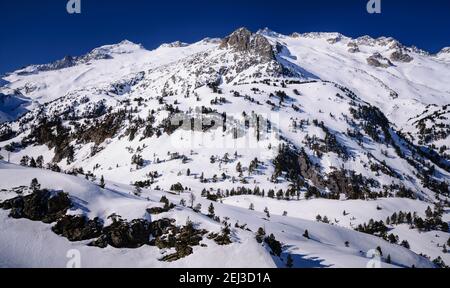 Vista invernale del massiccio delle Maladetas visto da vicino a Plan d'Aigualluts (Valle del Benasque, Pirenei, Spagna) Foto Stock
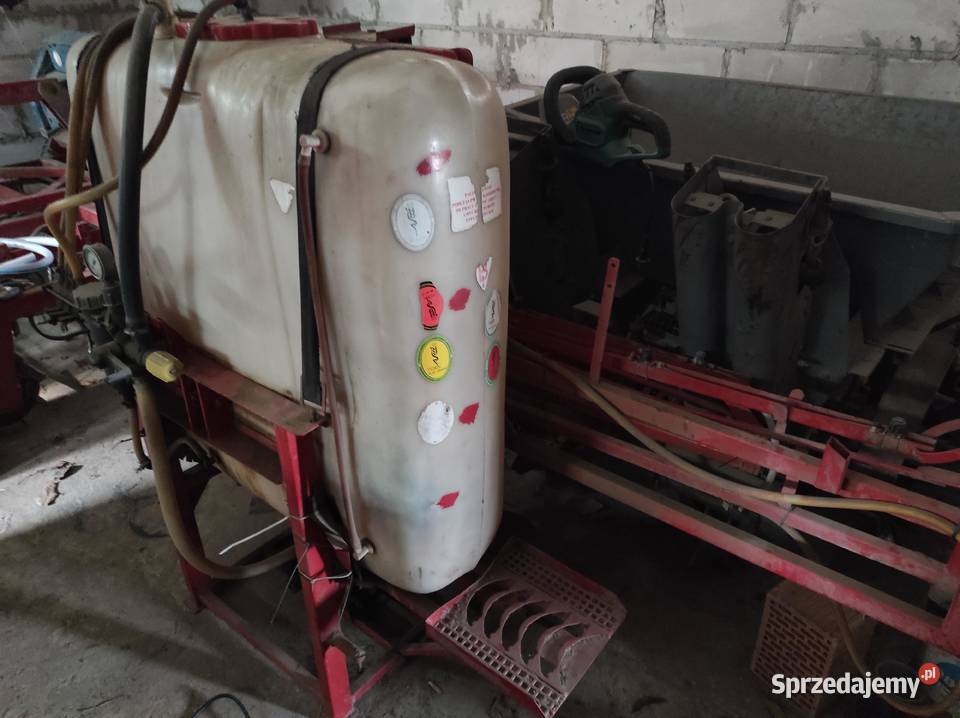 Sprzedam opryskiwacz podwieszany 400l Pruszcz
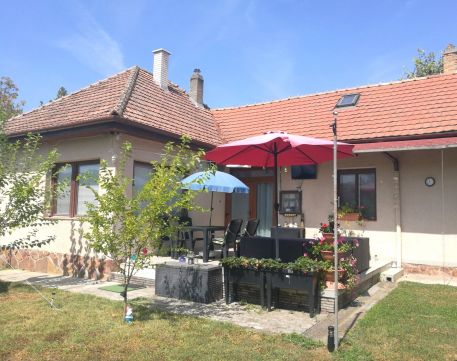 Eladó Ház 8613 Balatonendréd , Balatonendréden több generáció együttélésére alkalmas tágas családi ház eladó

-- -- --

### [Task requirements]
Make an exact copy of the data, leaving its pictures out.

### [Solution for this task]
 Vista invernale del massiccio delle Maladetas visto da vicino a Plan d'Aigualluts (Valle del Benasque, Pirenei, Spagna) Foto Stock
 Sprzedam opryskiwacz podwieszany 400l Pruszcz
 Eladó Ház 8613 Balatonendréd , Balatonendréden több generáció együttélésére alkalmas tágas családi ház eladó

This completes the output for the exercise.